About this exercise:
Copy out the data in full and exactly, passing over the pictures.

Records provided:
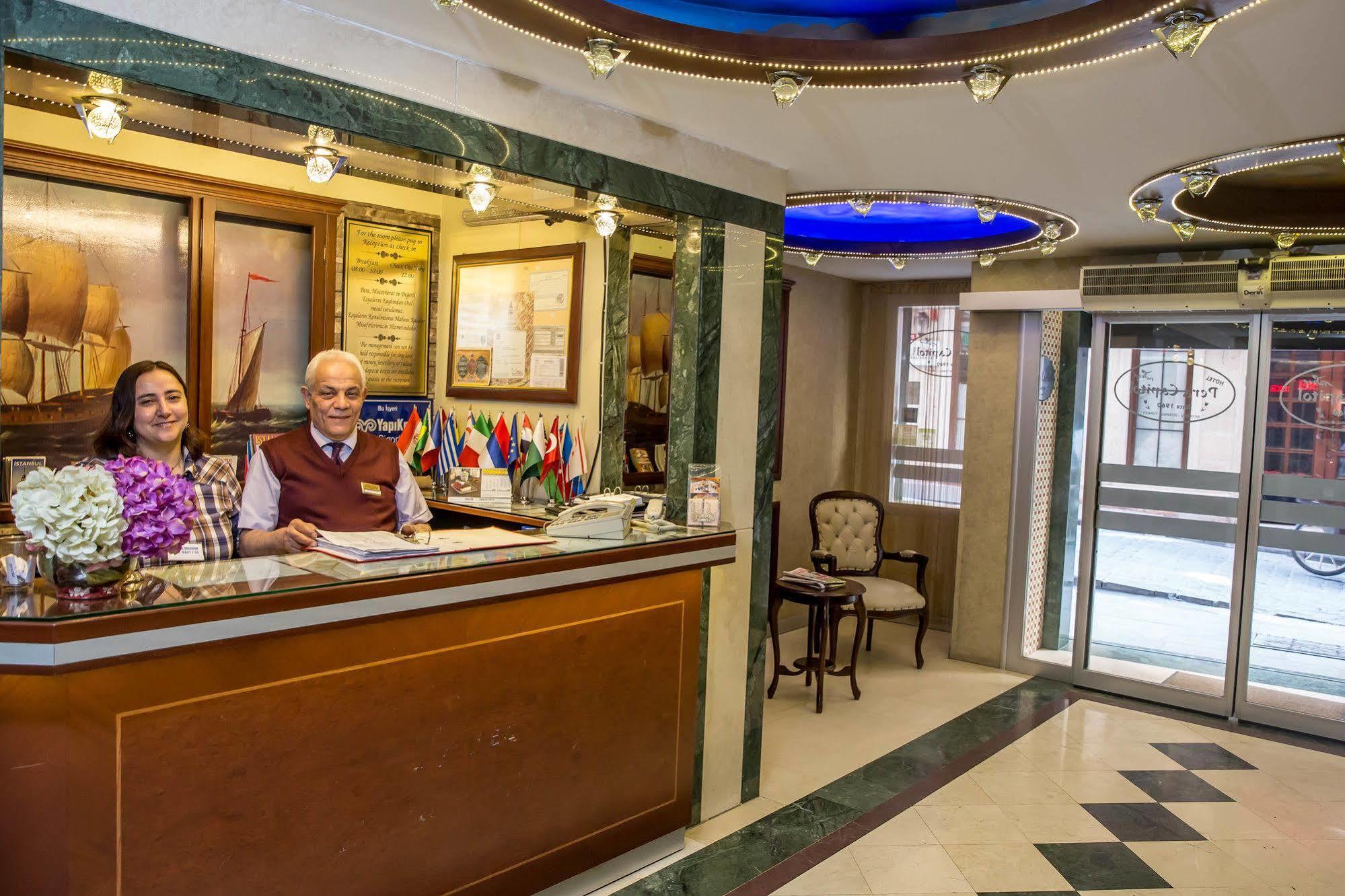 Hotel Pera Capitol Istanboel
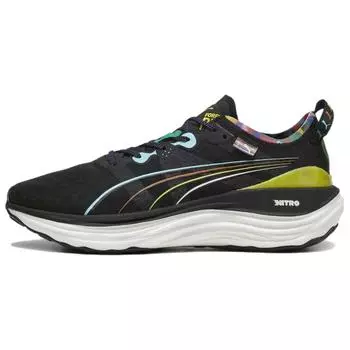 Puma ForeverRun Nitro Love Marathon Мужские кроссовки Черный Белый 380099-02 42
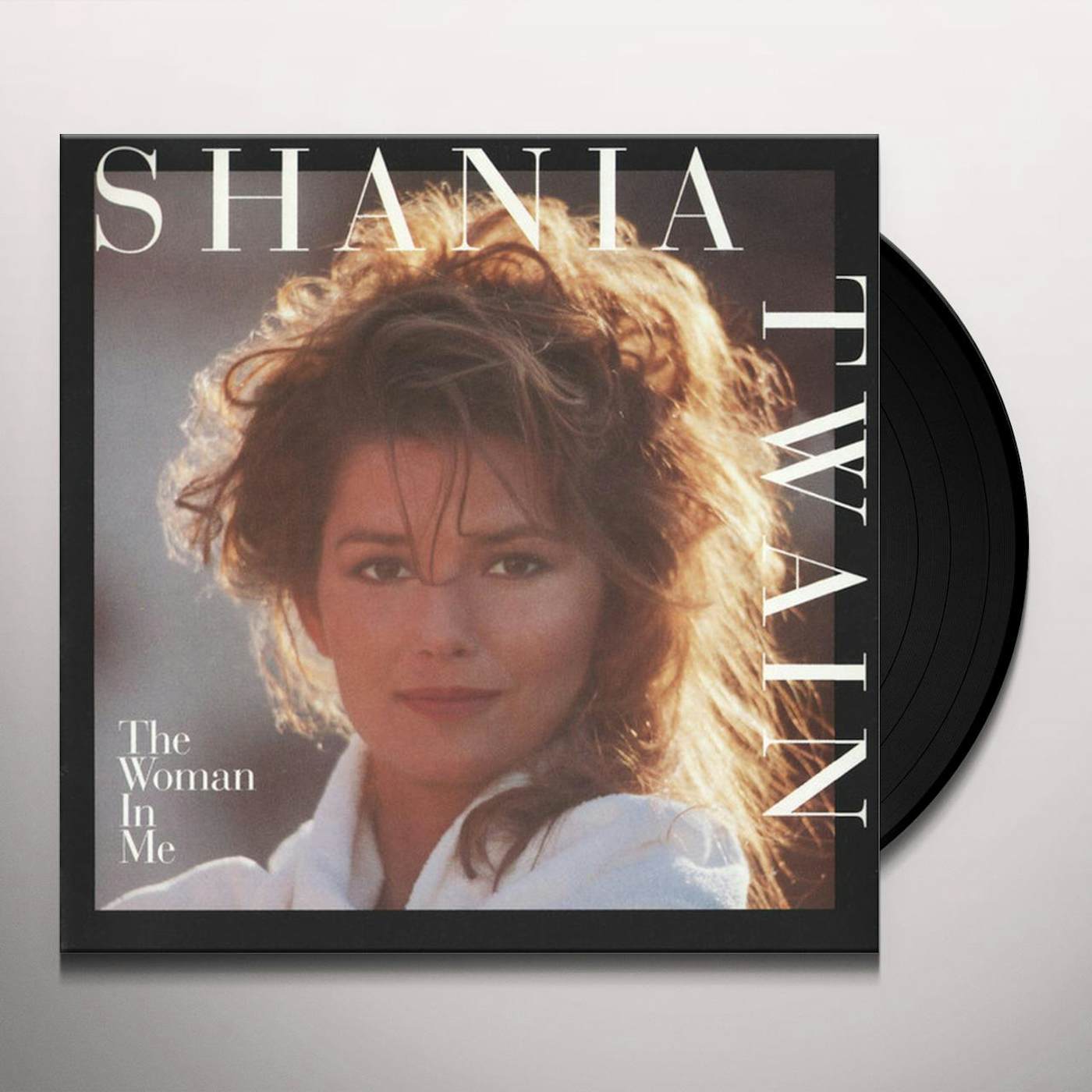 Shania Twain WOMAN IN ME Vinyl Record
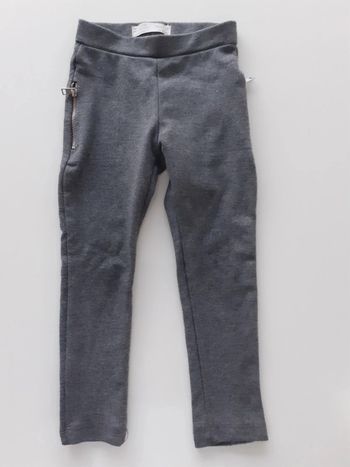 Tregging fille 5 ans gris Zara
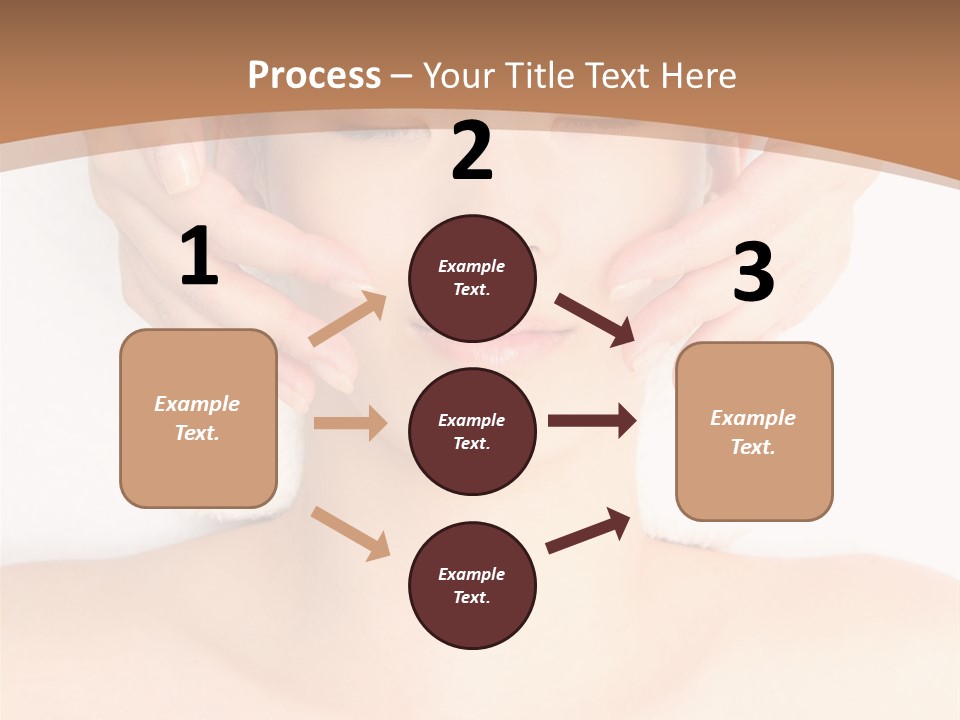 Therapy Lying Asian PowerPoint Template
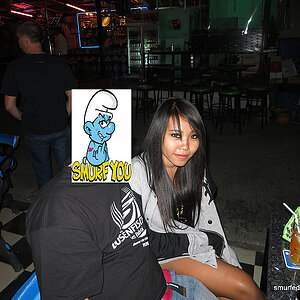 2014-01-23 Smurf Bar
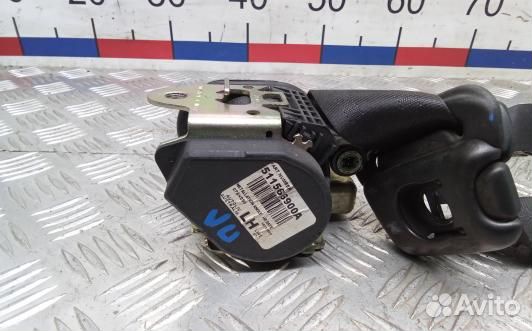 Ремень безопасности с пиропатроном сиденья передне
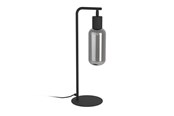 Lampen - EGLO MAIONE table lamp black/grey - 901007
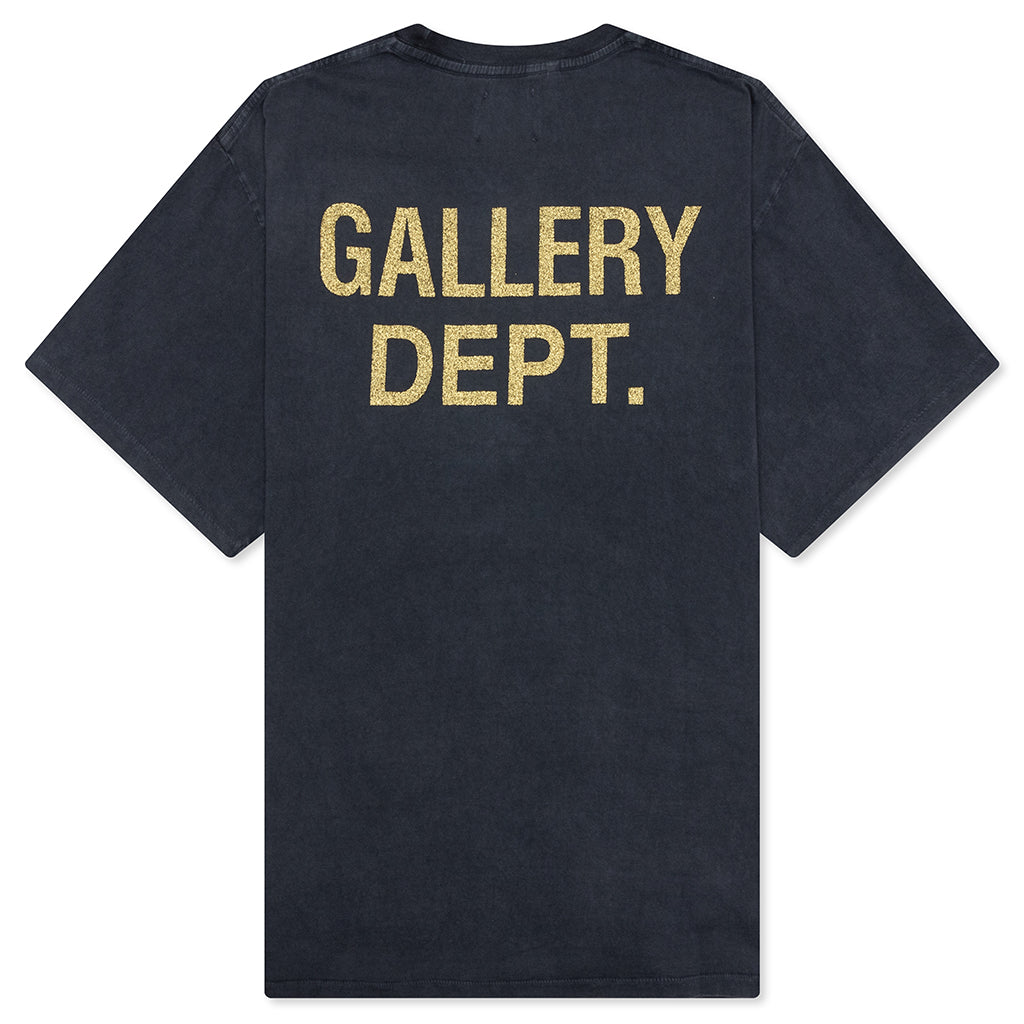 Horrors Tee - Vintage Black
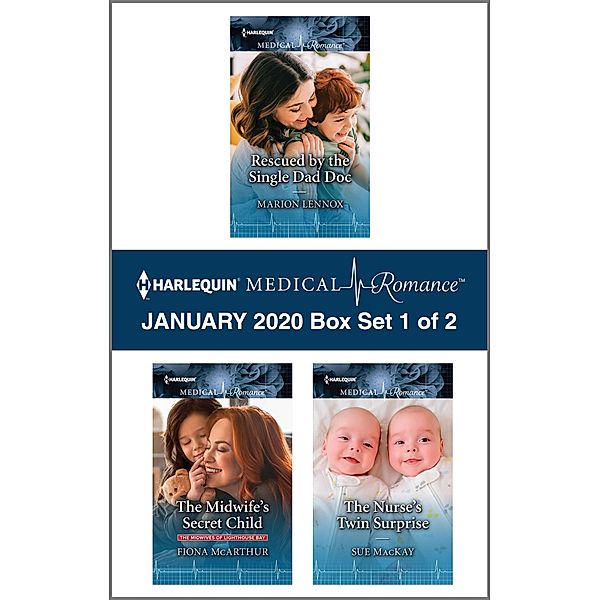 Harlequin Medical Romance January 2020 - Box Set 1 of 2, Marion Lennox, Fiona McArthur, Sue Mackay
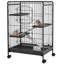 Weather Resistant Cage with Ramp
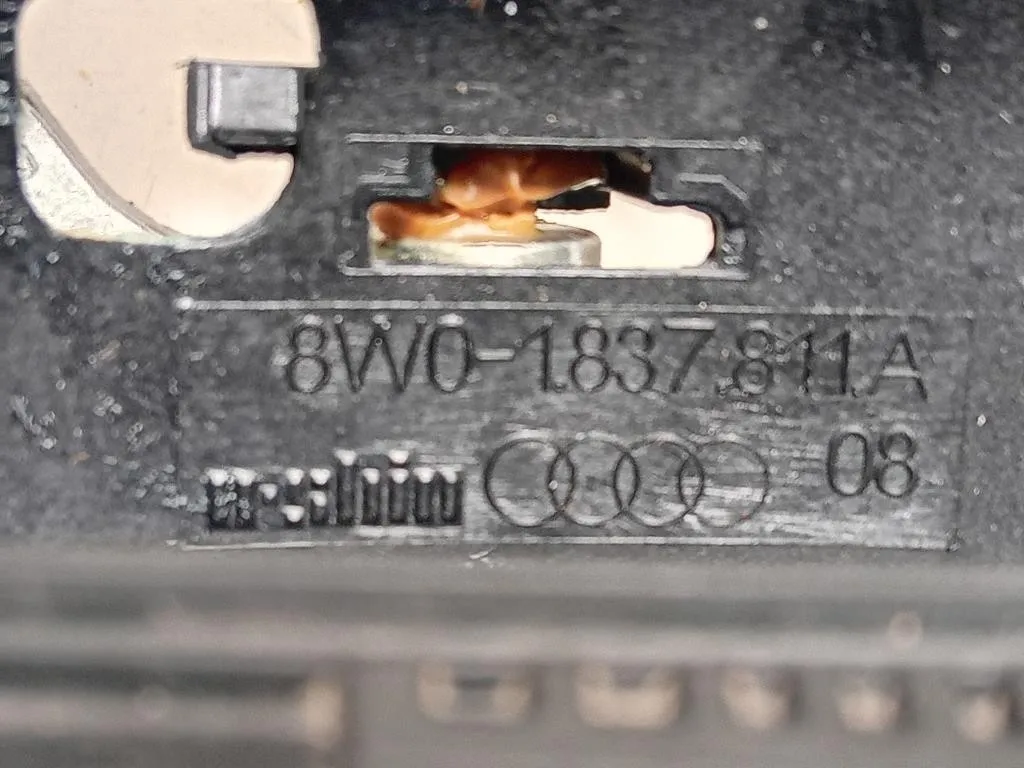 Maniglia Porta EST ANT SX 8W01837811A Audi A4 8W5 Avant 2015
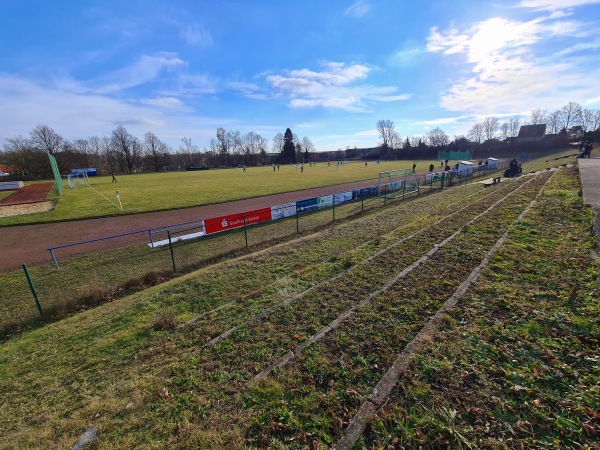Stadion Teutschenthal - Teutschenthal-Unterteutschenthal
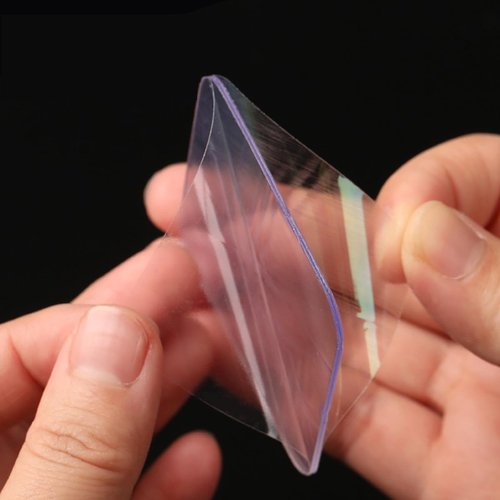 Gmtglla 20PCS Double Sided Tape, 2-3/8in Two Sided Squares Nano Clear Mounting Tape Picture Hanging Adhesive Strips,Wall Tape Sticky Poster Tape Decor Carpet Tape Gel Clear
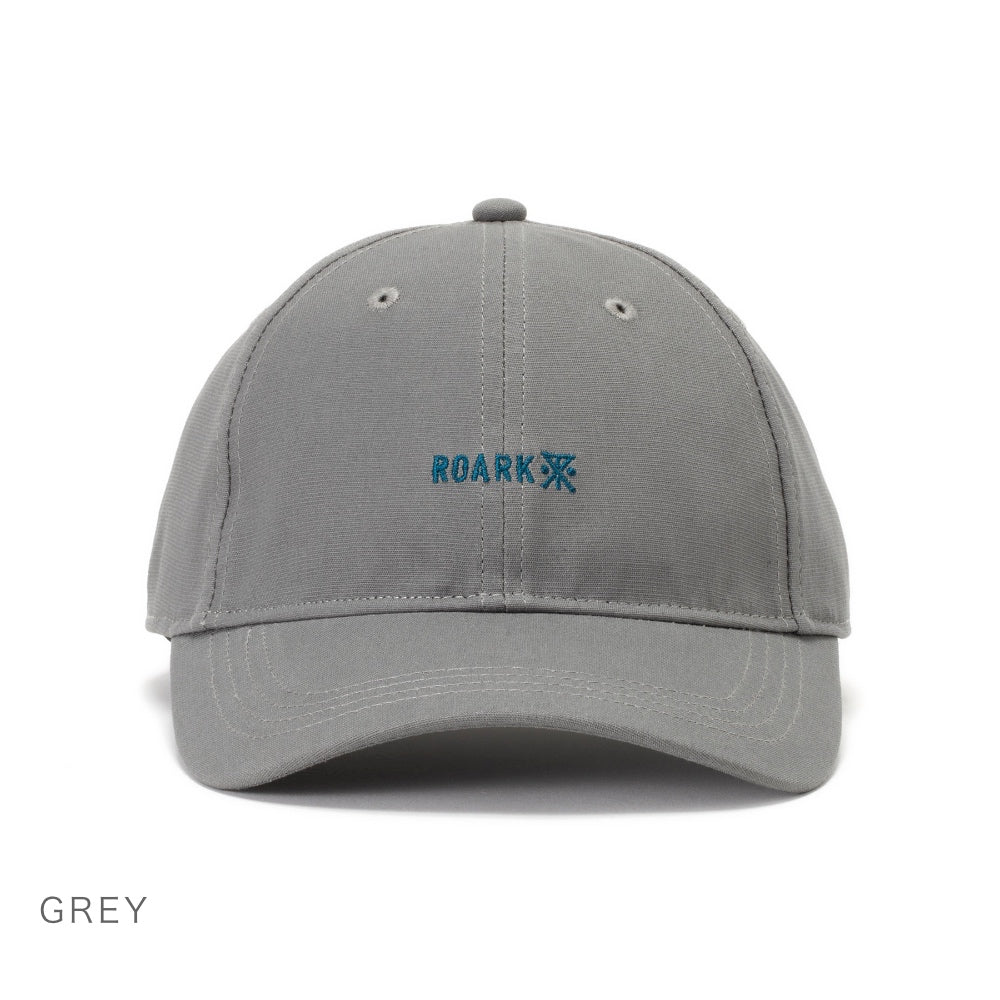 ROARK REVIVAL(ロアーク リバイバル)“LOGO” 6PANEL CAP - LOW HEIGHT ロゴ 6パネル キャップ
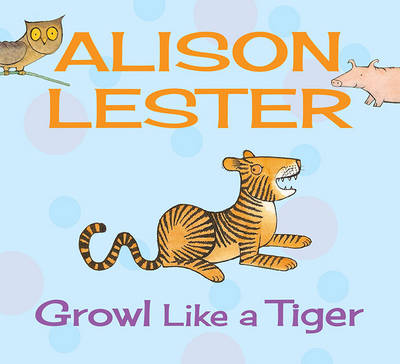 Book cover for Growl Like a Tiger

Worked solution:
 Hotel Pera Capitol Istanboel
 Puma ForeverRun Nitro Love Marathon Мужские кроссовки Черный Белый 380099-02 42
 Shania Twain WOMAN IN ME Vinyl Record
 Tregging fille 5 ans gris Zara
 Therapy Lying Asian PowerPoint Template
 2014-01-23 Smurf Bar
 Ремень безопасности с пиропатроном сиденья передне
 Lampen - EGLO MAIONE table lamp black/grey - 901007
 Horrors Tee - Vintage Black
 Harlequin Medical Romance January 2020 - Box Set 1 of 2, Marion Lennox, Fiona McArthur, Sue Mackay
 Weather Resistant Cage with Ramp
 Maniglia Porta EST ANT SX 8W01837811A Audi A4 8W5 Avant 2015
Stadion Teutschenthal - Teutschenthal-Unterteutschenthal
 Gmtglla 20PCS Double Sided Tape, 2-3/8in Two Sided Squares Nano Clear Mounting Tape Picture Hanging Adhesive Strips,Wall Tape Sticky Poster Tape Decor Carpet Tape Gel Clear
 ROARK REVIVAL(ロアーク リバイバル)“LOGO” 6PANEL CAP - LOW HEIGHT ロゴ 6パネル キャップ
 Book cover for Growl Like a Tiger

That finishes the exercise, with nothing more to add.